But what trade barriers did after 1930 can be done also by subsidies. So we now have strict rules on subsidies as well. Under a 1995 WTO agreement, export subsidies and "local content" requirements are prohibited as directly damaging to trade and all other subsidies that are specific to companies or industries are open to complaint; and this applies even when they are claimed to be environmentally friendly.

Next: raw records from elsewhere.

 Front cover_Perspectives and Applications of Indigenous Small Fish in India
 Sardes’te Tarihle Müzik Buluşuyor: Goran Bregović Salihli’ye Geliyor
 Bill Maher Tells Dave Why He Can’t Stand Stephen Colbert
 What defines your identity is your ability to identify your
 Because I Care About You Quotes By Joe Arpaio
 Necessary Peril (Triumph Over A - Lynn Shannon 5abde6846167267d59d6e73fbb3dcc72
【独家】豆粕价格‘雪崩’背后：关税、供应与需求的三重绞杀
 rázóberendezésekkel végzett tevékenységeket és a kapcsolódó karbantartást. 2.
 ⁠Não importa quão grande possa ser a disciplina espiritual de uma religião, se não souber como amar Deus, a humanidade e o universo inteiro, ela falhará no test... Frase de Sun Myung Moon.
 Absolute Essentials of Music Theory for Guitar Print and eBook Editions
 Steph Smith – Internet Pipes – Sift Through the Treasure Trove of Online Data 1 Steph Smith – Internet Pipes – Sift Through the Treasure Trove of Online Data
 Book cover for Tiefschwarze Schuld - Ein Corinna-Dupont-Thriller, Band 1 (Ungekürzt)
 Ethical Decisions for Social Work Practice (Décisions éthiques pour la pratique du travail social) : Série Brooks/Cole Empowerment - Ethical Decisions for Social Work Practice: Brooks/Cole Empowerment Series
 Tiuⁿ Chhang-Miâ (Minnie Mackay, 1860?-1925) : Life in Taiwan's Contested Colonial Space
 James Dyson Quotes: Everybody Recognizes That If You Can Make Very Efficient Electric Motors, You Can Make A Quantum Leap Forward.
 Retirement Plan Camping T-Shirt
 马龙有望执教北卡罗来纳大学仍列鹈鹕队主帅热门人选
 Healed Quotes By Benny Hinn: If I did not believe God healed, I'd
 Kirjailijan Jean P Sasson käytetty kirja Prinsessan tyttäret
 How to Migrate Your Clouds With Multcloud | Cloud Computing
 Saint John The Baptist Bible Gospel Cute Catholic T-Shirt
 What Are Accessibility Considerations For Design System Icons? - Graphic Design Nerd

There is no doubt that a bail-out just of cars, and within that specifically of Detroit, would qualify for countervailing action and dispute settlement challenges. It is important therefore that Mr Obama declare unambiguously that any bail-out will be WTO-consistent, because every other country will otherwise be emboldened to follow suit. Mr Obama, who has properly denounced unilateralism, should also not be the president who undermines respect for the rule of law that the WTO embodies at the multilateral level.
If Mr Obama's silences on multilateral trade are disturbing, should we be pleased by his strictures against bilateral free-trade agreements? On closer examination, though, this is not a vote for multilateralism but just the opposite. To understand this paradox, consider that labour union lobbies and their political friends have decided that the ideal defence against competition from the poor countries is to raise their cost of production by forcing their standards up, claiming that competition with countries with lower standards is "unfair". "Free but fair trade" becomes an exercise in insidious protectionism that few recognise as such.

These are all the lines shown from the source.